Hamilton, James Archibald (1747–1815), Church of Ireland clergyman and astronomer, was born at Athlone, Co. Westmeath, son of Col. Gustavus Hamilton and Jane Hamilton (née Giverdot). From 1754 he attended the Royal School at Armagh before entering TCD (November 1764). He distinguished himself in the study of natural sciences and practical astronomy, graduating BA in the spring of 1769. He had been in holy orders before his graduation and held the position of rector of Kildress, Co. Armagh (1766–84). He subsequently served as perpetual curate at Lisnadill (1780–88), rector of Derryloran (1780), prebendary of Dunbin (1784), rector of Creggan and treasurer of St Patrick's cathedral, Armagh (1784–90), prebendary of Tynan (1790), prebendary of Mullaghbrack, and archdeacon of Ross (1780–1804). With the exception of the archdeaconry of Ross, all these positions were in Co. Armagh. While noted for his pluralist tendencies, Hamilton was by all accounts a conscientious and diligent clergyman and graduated BD and DD (Dubl.) in 1784. He was appointed as dean of Cloyne in September 1804 and resigned his position as archdeacon of Ross.

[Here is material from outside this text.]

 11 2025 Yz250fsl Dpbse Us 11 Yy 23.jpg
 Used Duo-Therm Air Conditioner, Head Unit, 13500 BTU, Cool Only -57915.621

It was in the field of astronomy, however, that Hamilton was to achieve a level of scientific notoriety. In 1780 he acquired a residence at Cookstown, Co. Armagh, and fitted out a private observatory. He devoted himself to the study of perihelia and meteors and made valuable observations on the transit of Mercury. Like most astronomers of his era, he endeavoured to find a viable method of making longitude determinations and based his calculations on the movements of Jupiter's satellites. He was one of the first fifty members appointed to the RIA by royal charter in early 1786, and maintained a high profile in scientific circles in England and Ireland. A friend of Nevil Maskelyne, the astronomer royal, he visited him at Greenwich and maintained a correspondence with him on astronomical matters. When Primate Richard Robinson (qv) began work on Armagh observatory, Maskelyne recommended Hamilton for the position of astronomer and keeper of the observatory and museum. He was duly appointed (July 1790) and oversaw the equipping of the observatory. Retaining this position until his death, he made numerous contributions in the field of astronomy and developed a portable mountain barometer. He published several papers in Transactions of the Royal Irish Academy, including ‘An account of perihelia seen at Cookstown’ (1787), ‘On a new kind of portable barometer for measuring heights’ (1791), and ‘On the method of determining longitude by observations of the meridian passage of the moon and a star at two places’ (1797). He died 21 November 1815 at the observatory, and was buried at Mullaghbrack.
Hamilton married Jane Bunbury; they had two daughters. There are Hamilton letters, including his correspondence with Maskelyne, in the Armagh observatory archive, College Hill, Armagh.